Since childhood, I have been an avid reader. My parents got me my first library card at the age of six and there was no looking back since. I have devoured any book I could get my hands on, provided of course, that the story was gripping.
Now I don’t get that much time to read, but when I look back, I see how some of the women I read about influenced my life greatly. I would like to share a little about these amazing women in fiction…
Which child who reads has not read Enid Blyton? The Secret Seven, The Five Find Outers, Brer Rabbit, The Naughtiest Girl series – I could go on and on.
My particular favorite was The Famous Five series, of which I read the entire set many times over. I also watched the TV shows made on this series, and while all the characters are just great, I always admired the tomboyish “George”. Perhaps it was because she was all the things I was not – tomboyish, loved her dog Timmy, could climb a tree, and swim.

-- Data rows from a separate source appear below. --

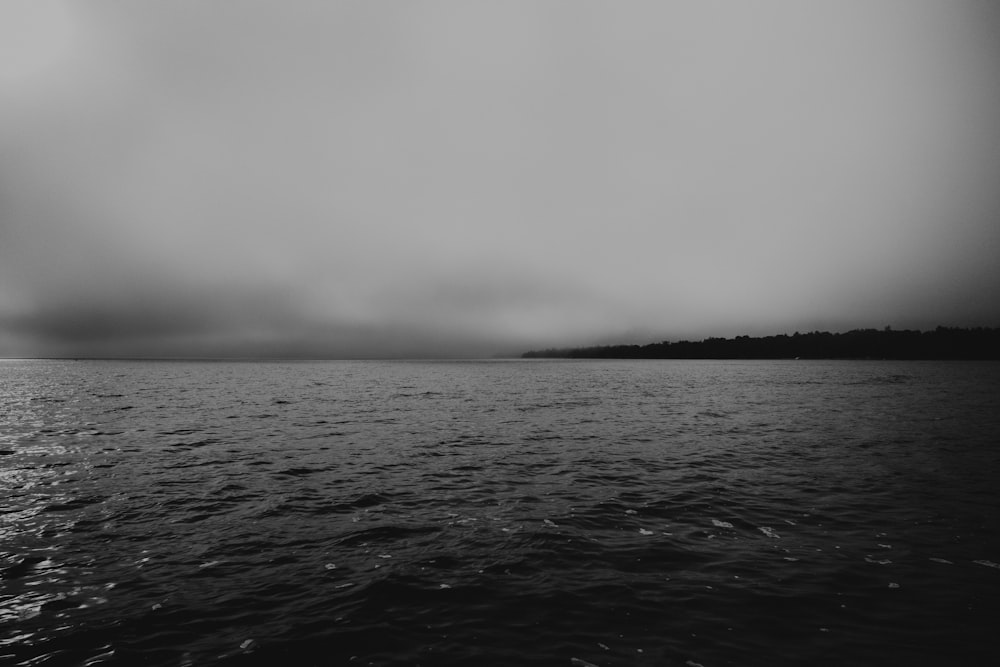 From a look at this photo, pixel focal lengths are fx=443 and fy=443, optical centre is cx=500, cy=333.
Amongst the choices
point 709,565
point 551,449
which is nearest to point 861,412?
point 551,449

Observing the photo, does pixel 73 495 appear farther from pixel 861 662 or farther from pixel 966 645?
pixel 966 645

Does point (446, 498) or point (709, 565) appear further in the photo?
point (446, 498)

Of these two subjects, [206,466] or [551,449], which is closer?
[206,466]

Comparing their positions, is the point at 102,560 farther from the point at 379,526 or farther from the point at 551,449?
the point at 551,449

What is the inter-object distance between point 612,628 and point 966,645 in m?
8.32

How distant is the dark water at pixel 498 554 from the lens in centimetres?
1091

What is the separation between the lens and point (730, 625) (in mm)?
11586

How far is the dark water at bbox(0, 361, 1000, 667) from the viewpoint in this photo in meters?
10.9

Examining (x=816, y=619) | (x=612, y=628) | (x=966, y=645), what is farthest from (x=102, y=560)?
(x=966, y=645)

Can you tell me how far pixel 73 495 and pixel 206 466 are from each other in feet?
22.9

George was an outspoken fiery little girl. Much has been said about her being based on Enid Blyton herself, and whether she was a lesbian or not. Whatever be the case, her direct approach to life is something I have unconsciously adopted.
If I am talking about women in fiction, then no list would be complete without mentioning Scarlett O’Hara from Gone with the Wind.

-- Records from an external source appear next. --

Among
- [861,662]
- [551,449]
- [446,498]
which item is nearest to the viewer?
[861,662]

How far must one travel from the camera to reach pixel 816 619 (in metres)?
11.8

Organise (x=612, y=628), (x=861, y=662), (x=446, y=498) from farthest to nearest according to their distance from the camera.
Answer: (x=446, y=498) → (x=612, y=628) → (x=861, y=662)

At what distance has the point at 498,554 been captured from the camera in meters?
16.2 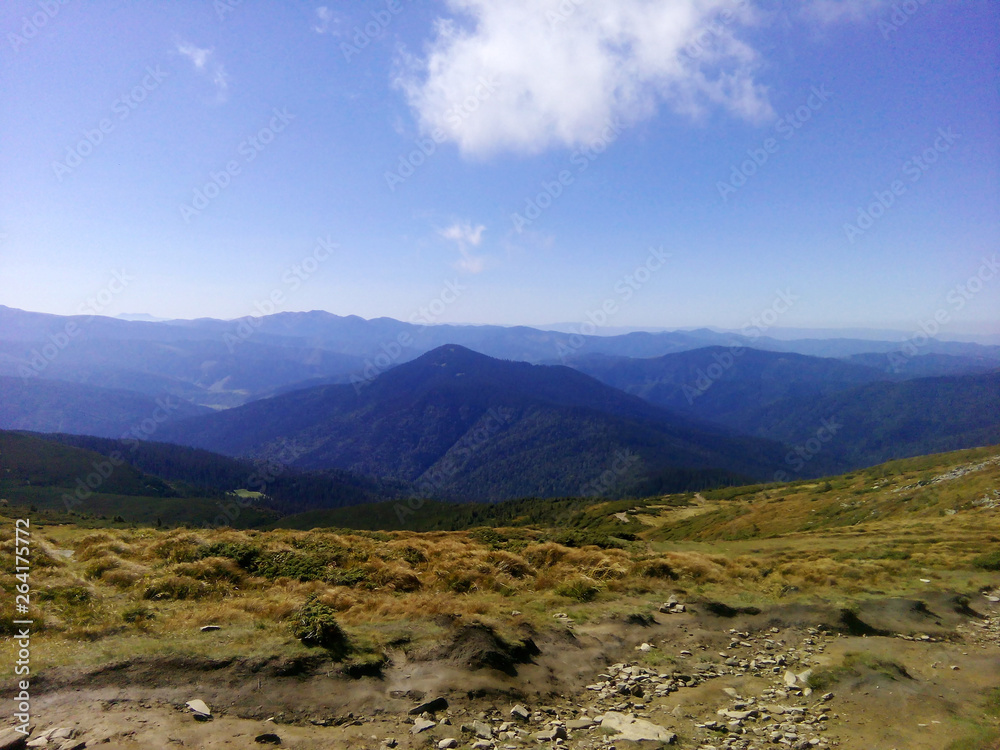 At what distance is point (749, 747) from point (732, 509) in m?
67.8

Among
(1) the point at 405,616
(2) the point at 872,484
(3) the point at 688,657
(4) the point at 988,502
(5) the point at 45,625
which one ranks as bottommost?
(2) the point at 872,484

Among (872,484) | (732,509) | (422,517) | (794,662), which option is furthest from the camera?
(422,517)

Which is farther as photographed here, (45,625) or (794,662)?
(794,662)

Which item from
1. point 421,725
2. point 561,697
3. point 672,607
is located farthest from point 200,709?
point 672,607

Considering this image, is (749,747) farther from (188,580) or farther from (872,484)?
(872,484)

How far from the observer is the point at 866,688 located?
11062 mm

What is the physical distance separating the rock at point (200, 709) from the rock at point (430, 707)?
3947mm

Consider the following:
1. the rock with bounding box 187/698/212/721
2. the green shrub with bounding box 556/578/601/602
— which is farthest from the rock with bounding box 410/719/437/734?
the green shrub with bounding box 556/578/601/602

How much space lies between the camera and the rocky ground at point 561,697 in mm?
8633

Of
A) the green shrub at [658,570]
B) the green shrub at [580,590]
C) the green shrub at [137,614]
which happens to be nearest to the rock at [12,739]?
the green shrub at [137,614]

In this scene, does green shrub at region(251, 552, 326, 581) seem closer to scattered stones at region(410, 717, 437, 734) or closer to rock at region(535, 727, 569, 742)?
scattered stones at region(410, 717, 437, 734)

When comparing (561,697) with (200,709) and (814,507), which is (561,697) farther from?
(814,507)

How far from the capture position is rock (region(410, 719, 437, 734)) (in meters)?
8.91

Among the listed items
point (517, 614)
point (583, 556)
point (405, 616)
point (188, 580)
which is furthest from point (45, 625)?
point (583, 556) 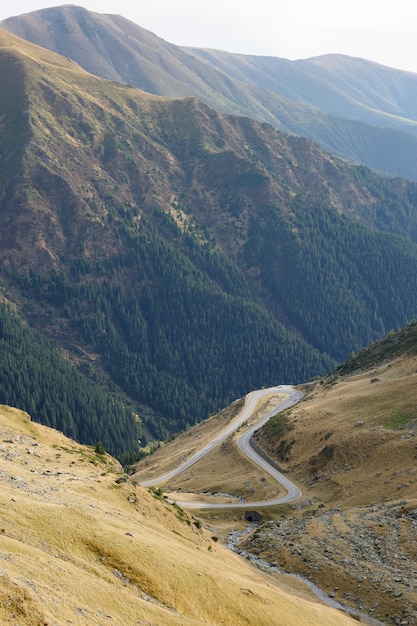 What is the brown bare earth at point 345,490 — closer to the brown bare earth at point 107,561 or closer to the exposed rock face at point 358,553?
the exposed rock face at point 358,553

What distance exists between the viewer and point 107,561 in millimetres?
48750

Scarlett was the first grey character I read about, and Margaret Mitchell’s tome on the life of this lady in the times of the American Civil War has been my mainstay for years now. Her famous line “I’ll think about it tomorrow” and “I will never be hungry again” have come to me at moments when I needed them the most and given me the strength to go on.
Scarlett is not perfect and neither am I, and I love her for being her selfish, obstinate self but still having the heart to carry everyone’s burden on her shoulders, albeit grudgingly.
Beautifully played by actress Vivan Leigh in the movie version, Scarlett remains my all-time favorite heroine.
While some dismiss Sidney Sheldon as the master of pulp fiction, I have always loved his stories and the way you cannot put any book of his down without finishing it. The novel Rage of Angels, though not as popular as Nothing Lasts Forever, is a well-knit masterpiece.
It follows the story of Jennifer Parker, a lawyer and her life as it shapes up practicing law. Jennifer’s loneliness, her wrong choices in men, her blind love for her son – you cannot help but admire this flawed, passionate, courageous woman, whose undying spirit lasts even when everything in her life is over. Jennifer is someone I identify with the most because of her never say die attitude.
The Lowland by Jhumpa Lahiri is a fairly recent book. When I read it and encountered Gauri Mitra, a woman who is one brother’s widow and marries the other, I did not know why she had such an impact on me. Every line I read, I was bothered about what Gauri would do next. I did not agree with any choices she made, starting from marrying her brother-in-law, to leaving him later, to abandoning her own child.
Gauri is possibly someone who is totally different from everything I believe in. She is not a villainous character, nor can I say she is wrong. She is just who she is – a victim of circumstances. Yet when you read the book, it is her character that is the strongest.
Four women, who exist only in fiction – yet each one can be a great example because of the qualities each author has bestowed on them. I met each one of them at different stages of my life, and they have been my friends and companions over the years, sometimes when there was no one else to turn to!